I have been struggling with comment spam, but I think I’ve vanquished it with this latest plugin. It makes the user compute a md5 hash in javascript before submitting a page. Basically, a md5 hash is a unique fingerprint of some binary sequence, that can only be computed by running the md5 algorithm. What this script does is take the IP address of the user agent hitting your post page, a site-specific string, the user agent string, and the time down to the hour. Then it md5 encodes that string, which means analysis of the string itself can’t reveal how it is generated.
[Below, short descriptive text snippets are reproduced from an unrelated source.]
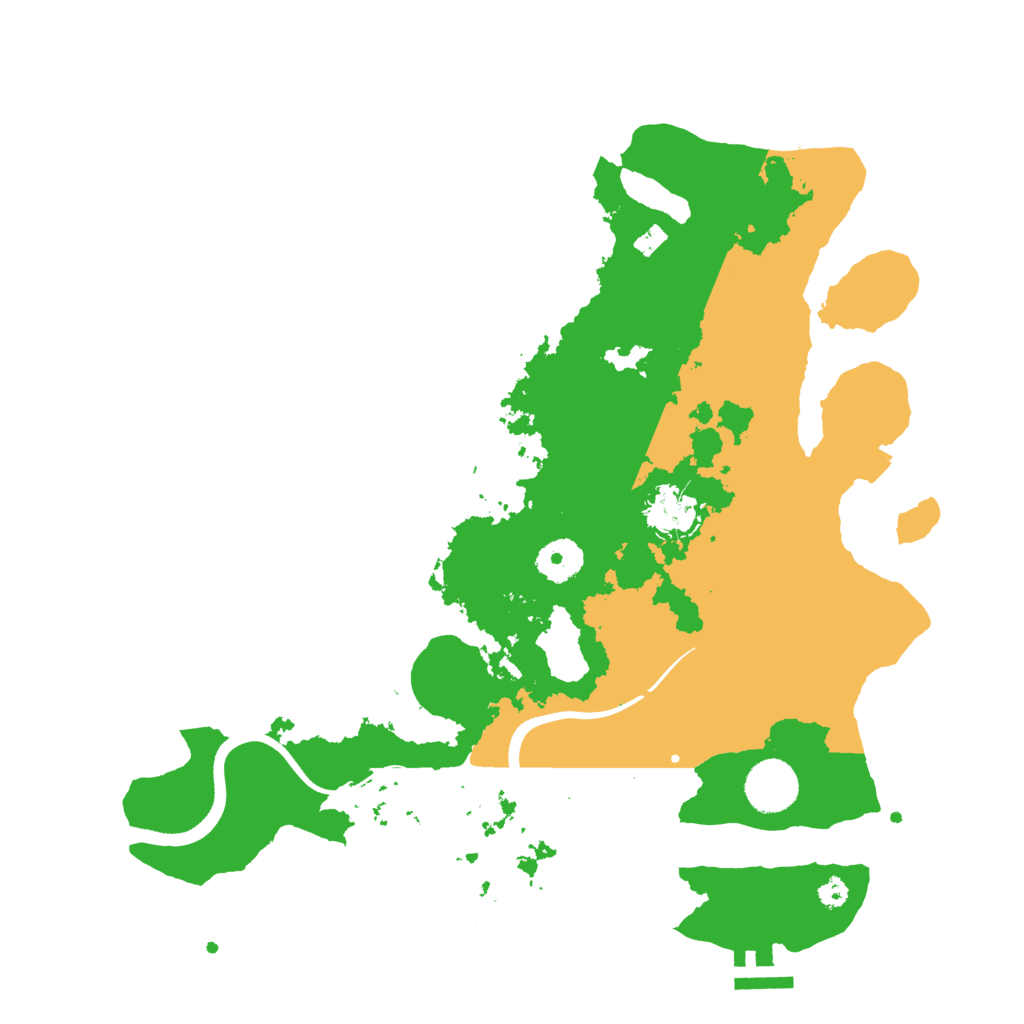 Biome Rust Map: Procedural Map, Size: 3500, Seed: 511529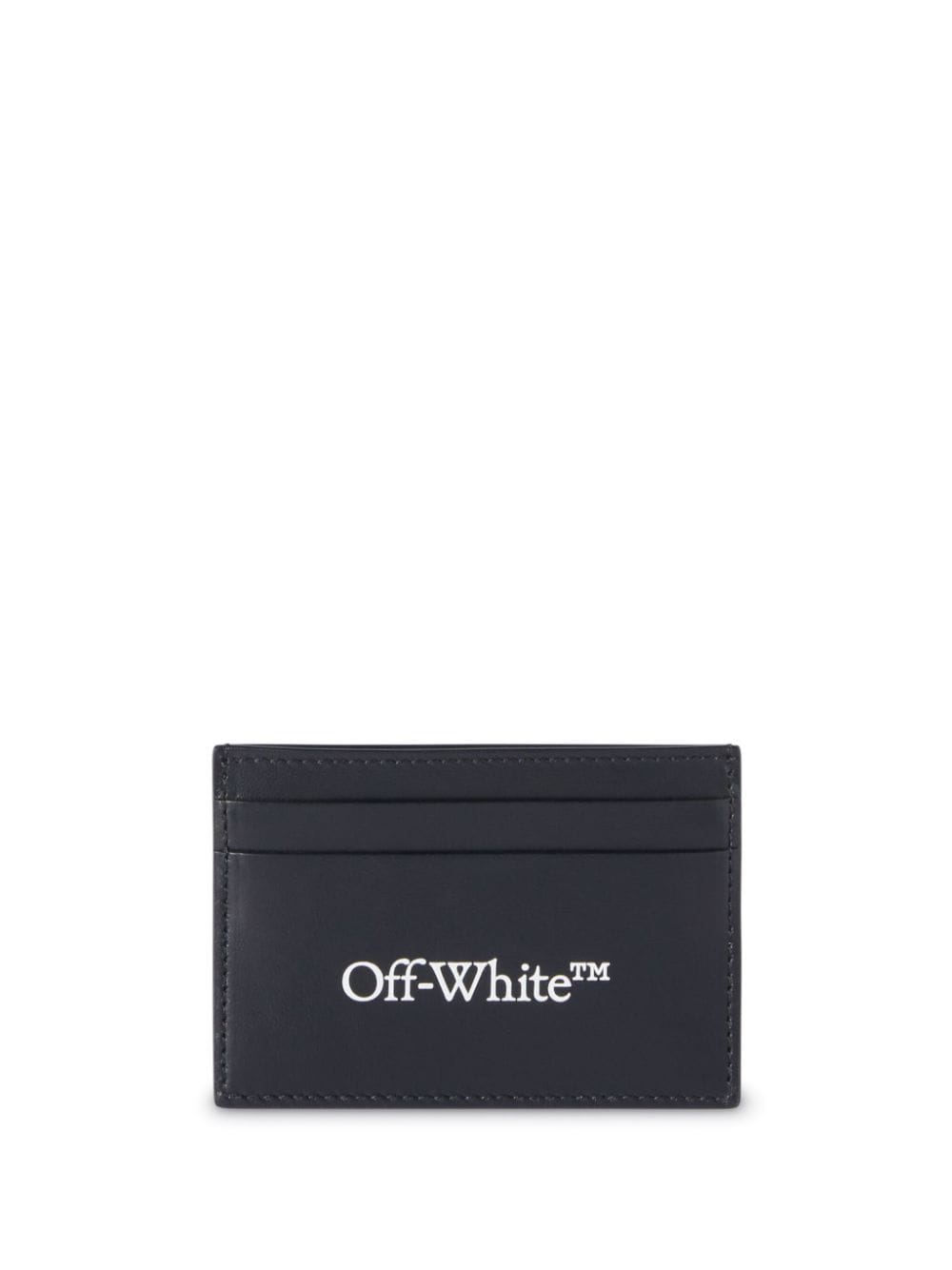 OFF-WHITE OFF-WHITE- Logo Leather Card Case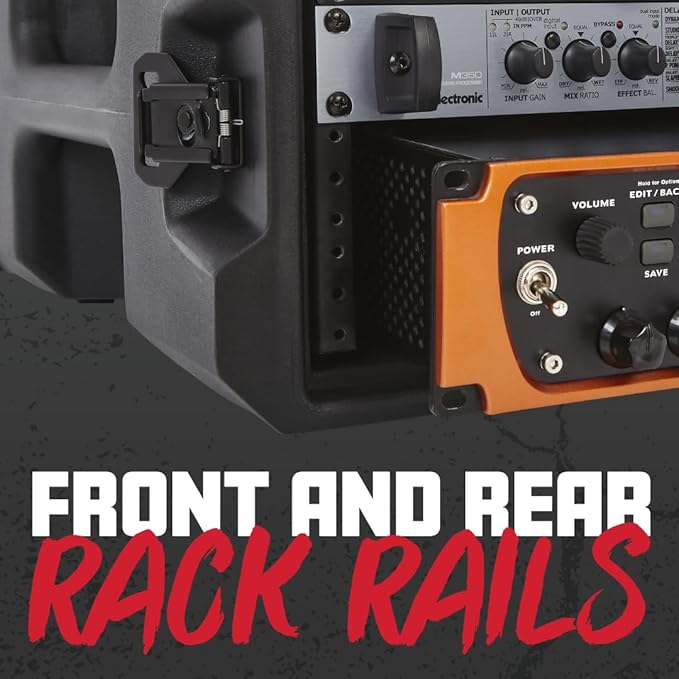 Gator Cases Pro Series 3U Rack Case with Shallow 13" Depth, Roto Molded Made in USA (G-PRO-3U-13)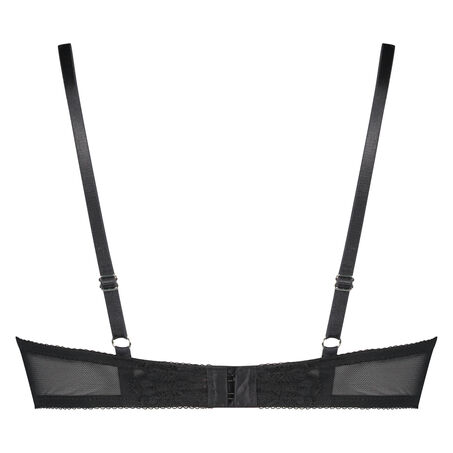 Voorgevormde push-up beugel bh Miriam, Zwart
It inserts into each page a randomly-named javascript function that, upon submission, computes the md5 for the md5-encoded string and makes that the name of a hidden form variable, which in turn has a unique value.

What this means is this:

  1. A spammer must visit every comment page in order to get the information needed to comment on each page.
  2. A spammer must implement enough javascript & DOM to handle the function.
  3. A spammer must compute a md5 sum.

All of these things are expensive, computationally speaking. Calculating the md5 sum itself is not so bad, rendering a DOM tree & loading a javascript engine is fairly expensive, if you’re trying to spam millions of pages.

This may not be the ultimate fix, but I suspect it may put the “cost” of generating spam too high for most spammers. If you have a WordPress blog, I can’t recommend the WP-Hashcash plugin enough.